On 04/21/2017 05:08 PM, Bob Harold wrote:

I can understand you wanting a "getfqdn" function to return the FQDN (fully
qualified domain name) without doing canonicalization.

But just so we are clear on the DNS terms,
"access.redhat.com" and "access.redhat.com.edgekey.net" are "aliases"
"e133.b.akamaiedge.net" is the canonical name.

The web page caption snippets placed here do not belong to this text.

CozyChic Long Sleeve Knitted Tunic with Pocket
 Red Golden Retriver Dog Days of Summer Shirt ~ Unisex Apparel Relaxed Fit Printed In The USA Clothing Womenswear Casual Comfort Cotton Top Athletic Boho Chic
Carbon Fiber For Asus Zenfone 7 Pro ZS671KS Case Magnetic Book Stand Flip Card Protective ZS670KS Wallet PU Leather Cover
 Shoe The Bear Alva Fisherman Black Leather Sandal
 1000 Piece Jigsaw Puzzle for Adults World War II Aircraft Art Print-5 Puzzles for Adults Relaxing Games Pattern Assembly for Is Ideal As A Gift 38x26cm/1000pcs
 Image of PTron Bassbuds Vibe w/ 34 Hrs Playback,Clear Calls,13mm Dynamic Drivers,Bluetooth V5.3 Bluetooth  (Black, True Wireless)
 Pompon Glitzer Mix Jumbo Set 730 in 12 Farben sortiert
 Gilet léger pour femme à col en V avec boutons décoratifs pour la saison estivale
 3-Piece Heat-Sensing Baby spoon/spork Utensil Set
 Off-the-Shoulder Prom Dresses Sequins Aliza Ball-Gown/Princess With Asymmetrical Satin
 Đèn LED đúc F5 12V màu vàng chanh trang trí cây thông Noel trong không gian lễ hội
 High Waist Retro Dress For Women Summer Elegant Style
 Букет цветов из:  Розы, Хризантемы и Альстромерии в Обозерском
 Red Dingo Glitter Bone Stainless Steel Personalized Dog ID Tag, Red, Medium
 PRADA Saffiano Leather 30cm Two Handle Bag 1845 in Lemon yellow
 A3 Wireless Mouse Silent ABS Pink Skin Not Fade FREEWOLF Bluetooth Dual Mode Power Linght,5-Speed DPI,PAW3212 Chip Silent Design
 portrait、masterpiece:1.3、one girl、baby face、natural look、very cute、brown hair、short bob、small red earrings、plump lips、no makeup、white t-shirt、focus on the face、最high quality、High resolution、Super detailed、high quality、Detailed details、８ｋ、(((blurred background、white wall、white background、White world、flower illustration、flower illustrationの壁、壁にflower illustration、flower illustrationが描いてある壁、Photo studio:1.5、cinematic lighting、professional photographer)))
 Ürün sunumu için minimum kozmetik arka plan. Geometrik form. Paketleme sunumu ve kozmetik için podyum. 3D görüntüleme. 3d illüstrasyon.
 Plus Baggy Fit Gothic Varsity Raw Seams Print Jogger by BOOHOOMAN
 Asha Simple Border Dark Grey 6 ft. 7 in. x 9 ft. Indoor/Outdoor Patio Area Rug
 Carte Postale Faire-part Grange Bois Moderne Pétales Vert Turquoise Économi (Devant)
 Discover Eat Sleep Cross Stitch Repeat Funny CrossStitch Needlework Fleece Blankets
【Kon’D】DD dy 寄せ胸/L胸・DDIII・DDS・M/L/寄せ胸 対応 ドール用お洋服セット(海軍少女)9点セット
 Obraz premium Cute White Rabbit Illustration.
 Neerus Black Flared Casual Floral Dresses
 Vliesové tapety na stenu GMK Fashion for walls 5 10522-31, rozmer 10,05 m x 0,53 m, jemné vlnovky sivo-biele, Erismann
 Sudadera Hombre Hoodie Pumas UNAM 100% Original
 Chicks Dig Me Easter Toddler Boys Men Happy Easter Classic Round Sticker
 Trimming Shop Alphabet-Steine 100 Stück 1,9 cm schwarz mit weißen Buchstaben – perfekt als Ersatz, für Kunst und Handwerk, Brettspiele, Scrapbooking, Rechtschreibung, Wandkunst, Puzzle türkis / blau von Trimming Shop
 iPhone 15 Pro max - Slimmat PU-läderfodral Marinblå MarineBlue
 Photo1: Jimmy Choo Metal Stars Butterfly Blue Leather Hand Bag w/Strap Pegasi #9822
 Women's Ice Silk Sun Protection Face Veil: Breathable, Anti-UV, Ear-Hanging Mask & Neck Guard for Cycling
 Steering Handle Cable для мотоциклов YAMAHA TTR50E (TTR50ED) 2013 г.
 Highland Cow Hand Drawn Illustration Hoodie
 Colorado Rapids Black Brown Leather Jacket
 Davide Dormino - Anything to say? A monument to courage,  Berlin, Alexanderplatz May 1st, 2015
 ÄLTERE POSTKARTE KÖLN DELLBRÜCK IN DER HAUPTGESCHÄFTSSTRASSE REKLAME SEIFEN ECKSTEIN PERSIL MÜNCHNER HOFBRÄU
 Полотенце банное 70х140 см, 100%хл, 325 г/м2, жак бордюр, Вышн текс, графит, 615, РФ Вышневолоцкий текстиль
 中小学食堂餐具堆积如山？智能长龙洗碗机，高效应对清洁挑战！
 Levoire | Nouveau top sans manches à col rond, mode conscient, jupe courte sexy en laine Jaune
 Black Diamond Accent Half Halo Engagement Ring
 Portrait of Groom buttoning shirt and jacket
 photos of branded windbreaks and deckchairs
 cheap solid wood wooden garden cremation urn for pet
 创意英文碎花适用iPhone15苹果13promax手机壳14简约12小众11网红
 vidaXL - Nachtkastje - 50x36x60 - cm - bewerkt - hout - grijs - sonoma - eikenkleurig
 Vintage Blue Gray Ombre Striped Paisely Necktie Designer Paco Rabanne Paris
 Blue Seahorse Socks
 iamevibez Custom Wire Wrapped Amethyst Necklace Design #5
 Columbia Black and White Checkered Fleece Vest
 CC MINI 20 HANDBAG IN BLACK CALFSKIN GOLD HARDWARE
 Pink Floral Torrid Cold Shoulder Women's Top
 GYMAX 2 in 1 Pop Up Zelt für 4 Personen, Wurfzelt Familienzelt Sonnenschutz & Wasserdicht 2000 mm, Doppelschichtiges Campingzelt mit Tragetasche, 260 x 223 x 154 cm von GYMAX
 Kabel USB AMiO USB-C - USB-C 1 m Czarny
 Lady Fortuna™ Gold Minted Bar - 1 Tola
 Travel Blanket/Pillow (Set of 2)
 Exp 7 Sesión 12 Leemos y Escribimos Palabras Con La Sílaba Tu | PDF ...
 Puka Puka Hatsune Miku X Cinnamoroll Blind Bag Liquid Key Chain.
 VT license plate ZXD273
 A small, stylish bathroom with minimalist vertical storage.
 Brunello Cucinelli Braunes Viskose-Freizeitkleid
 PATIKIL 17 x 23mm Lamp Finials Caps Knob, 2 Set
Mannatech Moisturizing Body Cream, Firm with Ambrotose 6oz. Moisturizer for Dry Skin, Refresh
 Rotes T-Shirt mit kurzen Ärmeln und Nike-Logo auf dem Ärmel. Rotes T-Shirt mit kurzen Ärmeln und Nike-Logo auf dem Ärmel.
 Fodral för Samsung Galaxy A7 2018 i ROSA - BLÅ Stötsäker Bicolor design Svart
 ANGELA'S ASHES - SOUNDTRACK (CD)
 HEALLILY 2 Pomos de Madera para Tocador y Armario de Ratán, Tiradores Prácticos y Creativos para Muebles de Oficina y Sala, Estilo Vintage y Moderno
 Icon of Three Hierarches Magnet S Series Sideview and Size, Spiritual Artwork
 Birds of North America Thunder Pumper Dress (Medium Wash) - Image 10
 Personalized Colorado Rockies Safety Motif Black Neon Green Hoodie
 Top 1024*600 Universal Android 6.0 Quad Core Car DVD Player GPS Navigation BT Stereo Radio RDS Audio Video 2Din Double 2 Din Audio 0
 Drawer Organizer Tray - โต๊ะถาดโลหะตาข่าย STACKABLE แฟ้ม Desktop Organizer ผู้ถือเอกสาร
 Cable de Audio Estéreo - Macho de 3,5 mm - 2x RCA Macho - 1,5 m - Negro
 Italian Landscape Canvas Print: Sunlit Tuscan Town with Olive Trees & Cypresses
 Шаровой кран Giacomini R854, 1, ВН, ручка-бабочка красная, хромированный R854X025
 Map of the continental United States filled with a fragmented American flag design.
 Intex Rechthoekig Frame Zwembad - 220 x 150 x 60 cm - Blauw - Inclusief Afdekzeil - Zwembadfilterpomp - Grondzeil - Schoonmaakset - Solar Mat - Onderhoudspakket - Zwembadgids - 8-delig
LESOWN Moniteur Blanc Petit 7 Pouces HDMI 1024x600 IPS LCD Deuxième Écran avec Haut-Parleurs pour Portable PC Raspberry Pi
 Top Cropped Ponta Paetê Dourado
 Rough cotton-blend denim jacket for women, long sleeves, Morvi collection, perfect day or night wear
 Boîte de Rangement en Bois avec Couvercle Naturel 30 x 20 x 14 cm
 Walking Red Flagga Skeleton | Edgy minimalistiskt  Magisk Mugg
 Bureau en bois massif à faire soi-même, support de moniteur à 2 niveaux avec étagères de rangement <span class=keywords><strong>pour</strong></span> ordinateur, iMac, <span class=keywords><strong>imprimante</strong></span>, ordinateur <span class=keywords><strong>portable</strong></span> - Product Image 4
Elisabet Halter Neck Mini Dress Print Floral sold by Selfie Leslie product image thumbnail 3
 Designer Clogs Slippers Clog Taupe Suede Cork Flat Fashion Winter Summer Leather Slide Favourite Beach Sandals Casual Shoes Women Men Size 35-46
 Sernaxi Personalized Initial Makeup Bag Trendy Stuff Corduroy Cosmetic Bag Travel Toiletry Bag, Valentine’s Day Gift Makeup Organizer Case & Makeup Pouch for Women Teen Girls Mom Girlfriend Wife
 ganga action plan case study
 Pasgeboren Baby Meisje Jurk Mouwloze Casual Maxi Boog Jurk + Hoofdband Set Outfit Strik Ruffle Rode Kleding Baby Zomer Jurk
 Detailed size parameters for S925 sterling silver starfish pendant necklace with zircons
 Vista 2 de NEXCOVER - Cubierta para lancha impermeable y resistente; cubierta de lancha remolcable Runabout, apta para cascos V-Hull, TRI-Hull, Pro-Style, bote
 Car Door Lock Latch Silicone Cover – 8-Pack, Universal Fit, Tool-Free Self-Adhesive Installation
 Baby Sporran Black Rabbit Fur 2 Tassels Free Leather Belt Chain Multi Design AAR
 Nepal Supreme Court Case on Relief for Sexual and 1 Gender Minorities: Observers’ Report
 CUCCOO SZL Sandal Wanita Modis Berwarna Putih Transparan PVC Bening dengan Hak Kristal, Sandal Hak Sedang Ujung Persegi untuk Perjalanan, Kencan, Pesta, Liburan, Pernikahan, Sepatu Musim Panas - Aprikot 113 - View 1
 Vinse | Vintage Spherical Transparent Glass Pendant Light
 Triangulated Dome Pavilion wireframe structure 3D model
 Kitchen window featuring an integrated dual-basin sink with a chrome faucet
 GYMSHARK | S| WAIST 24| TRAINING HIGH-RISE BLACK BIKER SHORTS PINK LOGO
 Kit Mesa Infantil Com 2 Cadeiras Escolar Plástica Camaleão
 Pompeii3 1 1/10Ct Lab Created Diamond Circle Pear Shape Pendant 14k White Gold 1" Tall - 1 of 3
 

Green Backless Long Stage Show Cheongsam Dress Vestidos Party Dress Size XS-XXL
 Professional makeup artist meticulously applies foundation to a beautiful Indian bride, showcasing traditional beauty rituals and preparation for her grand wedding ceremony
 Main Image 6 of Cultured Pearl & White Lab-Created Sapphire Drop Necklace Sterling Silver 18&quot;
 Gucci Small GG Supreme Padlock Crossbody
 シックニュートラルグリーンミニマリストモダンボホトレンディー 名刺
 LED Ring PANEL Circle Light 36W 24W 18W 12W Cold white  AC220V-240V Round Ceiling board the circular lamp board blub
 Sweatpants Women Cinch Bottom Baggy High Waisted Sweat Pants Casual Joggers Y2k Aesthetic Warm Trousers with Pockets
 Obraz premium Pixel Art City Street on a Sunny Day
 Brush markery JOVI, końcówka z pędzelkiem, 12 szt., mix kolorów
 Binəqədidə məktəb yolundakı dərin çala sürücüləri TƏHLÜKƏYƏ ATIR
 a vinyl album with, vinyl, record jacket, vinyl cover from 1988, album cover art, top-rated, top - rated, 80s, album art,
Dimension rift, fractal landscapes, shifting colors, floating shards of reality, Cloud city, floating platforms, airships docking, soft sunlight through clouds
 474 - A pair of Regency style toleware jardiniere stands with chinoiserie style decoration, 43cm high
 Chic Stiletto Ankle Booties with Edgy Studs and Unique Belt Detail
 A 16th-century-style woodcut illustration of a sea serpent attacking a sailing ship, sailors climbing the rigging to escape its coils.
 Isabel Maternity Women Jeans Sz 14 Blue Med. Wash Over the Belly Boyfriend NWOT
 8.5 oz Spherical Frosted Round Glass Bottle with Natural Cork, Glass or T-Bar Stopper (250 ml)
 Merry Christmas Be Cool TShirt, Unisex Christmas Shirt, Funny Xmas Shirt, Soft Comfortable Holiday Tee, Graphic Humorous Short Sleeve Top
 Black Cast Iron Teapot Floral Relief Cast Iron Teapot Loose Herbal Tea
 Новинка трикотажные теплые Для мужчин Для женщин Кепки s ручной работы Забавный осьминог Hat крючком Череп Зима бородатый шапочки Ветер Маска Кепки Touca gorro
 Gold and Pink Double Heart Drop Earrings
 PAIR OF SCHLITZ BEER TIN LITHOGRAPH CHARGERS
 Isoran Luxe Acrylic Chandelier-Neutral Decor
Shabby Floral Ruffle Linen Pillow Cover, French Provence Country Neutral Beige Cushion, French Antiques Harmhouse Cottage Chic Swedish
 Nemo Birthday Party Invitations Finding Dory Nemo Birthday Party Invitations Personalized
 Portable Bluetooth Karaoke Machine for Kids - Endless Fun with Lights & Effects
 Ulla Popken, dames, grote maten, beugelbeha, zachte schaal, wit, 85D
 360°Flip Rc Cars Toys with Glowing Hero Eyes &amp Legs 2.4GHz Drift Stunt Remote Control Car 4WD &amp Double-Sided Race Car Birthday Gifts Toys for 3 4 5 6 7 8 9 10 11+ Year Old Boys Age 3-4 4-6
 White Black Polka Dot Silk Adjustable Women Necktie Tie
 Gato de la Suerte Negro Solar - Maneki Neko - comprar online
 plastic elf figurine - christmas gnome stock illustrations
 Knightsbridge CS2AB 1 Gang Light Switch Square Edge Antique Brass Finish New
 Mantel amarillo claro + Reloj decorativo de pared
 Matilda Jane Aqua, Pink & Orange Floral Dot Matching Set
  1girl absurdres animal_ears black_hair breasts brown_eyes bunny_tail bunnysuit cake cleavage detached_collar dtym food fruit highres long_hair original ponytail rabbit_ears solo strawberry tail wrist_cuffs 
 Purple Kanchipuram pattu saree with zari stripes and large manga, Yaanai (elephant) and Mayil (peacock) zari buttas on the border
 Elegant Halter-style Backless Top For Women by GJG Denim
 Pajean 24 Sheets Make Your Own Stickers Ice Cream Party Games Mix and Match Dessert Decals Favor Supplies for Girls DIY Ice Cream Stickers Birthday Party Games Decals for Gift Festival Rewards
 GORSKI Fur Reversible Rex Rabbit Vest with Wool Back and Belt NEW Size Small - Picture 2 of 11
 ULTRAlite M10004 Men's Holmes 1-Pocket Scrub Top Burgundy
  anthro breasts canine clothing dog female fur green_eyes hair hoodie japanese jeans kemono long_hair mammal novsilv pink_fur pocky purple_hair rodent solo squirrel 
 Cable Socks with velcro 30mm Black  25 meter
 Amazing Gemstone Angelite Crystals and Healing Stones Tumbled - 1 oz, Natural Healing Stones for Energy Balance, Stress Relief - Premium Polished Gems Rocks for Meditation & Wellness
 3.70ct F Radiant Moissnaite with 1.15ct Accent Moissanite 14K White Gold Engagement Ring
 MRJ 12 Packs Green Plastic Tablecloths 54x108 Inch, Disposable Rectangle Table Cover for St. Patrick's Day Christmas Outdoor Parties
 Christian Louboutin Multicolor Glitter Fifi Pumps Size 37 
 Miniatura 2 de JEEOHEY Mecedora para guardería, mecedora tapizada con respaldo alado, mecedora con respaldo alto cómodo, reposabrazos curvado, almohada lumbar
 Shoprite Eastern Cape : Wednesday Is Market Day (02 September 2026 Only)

access.redhat.com is an alias for access.redhat.com.edgekey.net.
access.redhat.com.edgekey.net is an alias for e133.b.akamaiedge.net.
e133.b.akamaiedge.net has address 104.67.69.246

I'm aware of the terminology.

I just think that in terms of RFC 3493, it would make sense to restrict the name transformation applied with AI_CANONNAME on the current internet, i.e. clarify that here

   If the AI_CANONNAME flag is specified and the nodename argument is
   not null, the function shall attempt to determine the canonical name
   corresponding to nodename (for example, if nodename is an alias or
   shorthand notation for a complete name).

“alias” does not refer to CNAME chain resolution, but other forms of alias processing (like the slightly historic HOSTALIASES processing).

This would help to address long-standing security issues in name canonicalization, e.g. in Kerberos deployments.